§ **Work request**: For the material below, output exactly the span from the line with "Поезд ожерелье узловая. Дизель" to the line with "Foto del edificio - 14303 Golden Cypress Ln", including both, and nothing besides.

§ **Records**:
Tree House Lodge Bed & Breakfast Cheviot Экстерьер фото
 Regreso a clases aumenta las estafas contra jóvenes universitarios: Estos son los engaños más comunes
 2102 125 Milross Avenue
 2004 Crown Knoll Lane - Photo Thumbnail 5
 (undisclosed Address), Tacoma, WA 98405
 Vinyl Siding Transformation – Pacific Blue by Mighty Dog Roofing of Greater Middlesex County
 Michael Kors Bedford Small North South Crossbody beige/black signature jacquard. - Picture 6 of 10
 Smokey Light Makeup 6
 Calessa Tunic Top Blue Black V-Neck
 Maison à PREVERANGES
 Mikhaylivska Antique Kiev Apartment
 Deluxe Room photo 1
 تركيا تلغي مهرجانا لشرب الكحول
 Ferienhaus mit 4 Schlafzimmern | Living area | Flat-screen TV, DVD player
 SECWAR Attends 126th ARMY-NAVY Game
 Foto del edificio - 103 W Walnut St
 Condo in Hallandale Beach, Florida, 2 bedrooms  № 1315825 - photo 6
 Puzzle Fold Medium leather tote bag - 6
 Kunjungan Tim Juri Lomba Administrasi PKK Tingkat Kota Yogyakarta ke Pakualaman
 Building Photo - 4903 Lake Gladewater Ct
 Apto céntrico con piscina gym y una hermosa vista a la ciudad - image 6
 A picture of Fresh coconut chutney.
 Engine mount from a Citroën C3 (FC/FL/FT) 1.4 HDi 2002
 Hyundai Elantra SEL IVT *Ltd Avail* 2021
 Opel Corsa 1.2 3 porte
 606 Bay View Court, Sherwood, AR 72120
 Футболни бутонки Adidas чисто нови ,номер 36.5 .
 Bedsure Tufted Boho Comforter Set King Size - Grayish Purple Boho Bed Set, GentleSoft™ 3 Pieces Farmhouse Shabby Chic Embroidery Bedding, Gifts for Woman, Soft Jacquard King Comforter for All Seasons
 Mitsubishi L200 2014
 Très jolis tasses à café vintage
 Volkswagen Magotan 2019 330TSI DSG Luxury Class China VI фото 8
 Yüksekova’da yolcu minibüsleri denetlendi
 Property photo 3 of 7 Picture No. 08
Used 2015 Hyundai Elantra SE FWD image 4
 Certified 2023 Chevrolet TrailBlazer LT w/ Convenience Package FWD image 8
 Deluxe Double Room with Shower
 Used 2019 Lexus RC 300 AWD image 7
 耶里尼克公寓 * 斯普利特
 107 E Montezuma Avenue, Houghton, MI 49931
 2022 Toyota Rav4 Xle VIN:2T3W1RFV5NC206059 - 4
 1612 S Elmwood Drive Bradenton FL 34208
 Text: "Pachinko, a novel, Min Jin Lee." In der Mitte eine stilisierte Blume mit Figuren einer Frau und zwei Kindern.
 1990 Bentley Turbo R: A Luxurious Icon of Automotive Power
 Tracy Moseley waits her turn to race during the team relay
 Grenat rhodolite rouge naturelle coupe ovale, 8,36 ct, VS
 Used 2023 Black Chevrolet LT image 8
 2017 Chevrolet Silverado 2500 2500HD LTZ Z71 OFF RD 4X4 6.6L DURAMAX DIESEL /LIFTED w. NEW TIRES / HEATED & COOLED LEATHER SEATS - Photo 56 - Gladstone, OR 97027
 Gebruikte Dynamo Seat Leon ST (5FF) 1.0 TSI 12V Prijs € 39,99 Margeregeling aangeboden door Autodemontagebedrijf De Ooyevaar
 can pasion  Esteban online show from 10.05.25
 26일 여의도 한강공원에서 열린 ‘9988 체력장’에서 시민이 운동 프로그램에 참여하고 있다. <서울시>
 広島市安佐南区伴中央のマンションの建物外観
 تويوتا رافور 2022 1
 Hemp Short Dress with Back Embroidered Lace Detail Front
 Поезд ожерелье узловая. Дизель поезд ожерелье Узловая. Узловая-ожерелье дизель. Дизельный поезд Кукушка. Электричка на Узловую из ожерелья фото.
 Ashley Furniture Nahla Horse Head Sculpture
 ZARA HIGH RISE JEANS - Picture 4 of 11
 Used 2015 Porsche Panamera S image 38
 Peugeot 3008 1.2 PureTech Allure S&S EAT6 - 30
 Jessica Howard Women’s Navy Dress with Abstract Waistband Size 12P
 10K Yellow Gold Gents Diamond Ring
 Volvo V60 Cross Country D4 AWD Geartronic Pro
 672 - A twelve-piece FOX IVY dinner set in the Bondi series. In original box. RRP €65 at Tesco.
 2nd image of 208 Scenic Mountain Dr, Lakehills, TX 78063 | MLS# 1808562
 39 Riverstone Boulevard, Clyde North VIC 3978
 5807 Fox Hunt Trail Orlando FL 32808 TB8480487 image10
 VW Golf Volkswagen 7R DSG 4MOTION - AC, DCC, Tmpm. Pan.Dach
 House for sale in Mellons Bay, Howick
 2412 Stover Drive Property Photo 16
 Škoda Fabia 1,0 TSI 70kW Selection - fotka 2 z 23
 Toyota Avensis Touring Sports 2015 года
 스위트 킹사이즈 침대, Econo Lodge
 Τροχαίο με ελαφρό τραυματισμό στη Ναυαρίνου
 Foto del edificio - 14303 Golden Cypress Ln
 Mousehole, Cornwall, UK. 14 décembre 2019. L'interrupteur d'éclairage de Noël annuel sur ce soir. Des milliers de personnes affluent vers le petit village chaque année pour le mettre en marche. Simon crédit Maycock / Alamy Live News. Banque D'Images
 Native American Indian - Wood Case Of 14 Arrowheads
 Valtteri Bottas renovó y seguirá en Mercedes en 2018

§ **Expected answer**:
 Поезд ожерелье узловая. Дизель поезд ожерелье Узловая. Узловая-ожерелье дизель. Дизельный поезд Кукушка. Электричка на Узловую из ожерелья фото.
 Ashley Furniture Nahla Horse Head Sculpture
 ZARA HIGH RISE JEANS - Picture 4 of 11
 Used 2015 Porsche Panamera S image 38
 Peugeot 3008 1.2 PureTech Allure S&S EAT6 - 30
 Jessica Howard Women’s Navy Dress with Abstract Waistband Size 12P
 10K Yellow Gold Gents Diamond Ring
 Volvo V60 Cross Country D4 AWD Geartronic Pro
 672 - A twelve-piece FOX IVY dinner set in the Bondi series. In original box. RRP €65 at Tesco.
 2nd image of 208 Scenic Mountain Dr, Lakehills, TX 78063 | MLS# 1808562
 39 Riverstone Boulevard, Clyde North VIC 3978
 5807 Fox Hunt Trail Orlando FL 32808 TB8480487 image10
 VW Golf Volkswagen 7R DSG 4MOTION - AC, DCC, Tmpm. Pan.Dach
 House for sale in Mellons Bay, Howick
 2412 Stover Drive Property Photo 16
 Škoda Fabia 1,0 TSI 70kW Selection - fotka 2 z 23
 Toyota Avensis Touring Sports 2015 года
 스위트 킹사이즈 침대, Econo Lodge
 Τροχαίο με ελαφρό τραυματισμό στη Ναυαρίνου
 Foto del edificio - 14303 Golden Cypress Ln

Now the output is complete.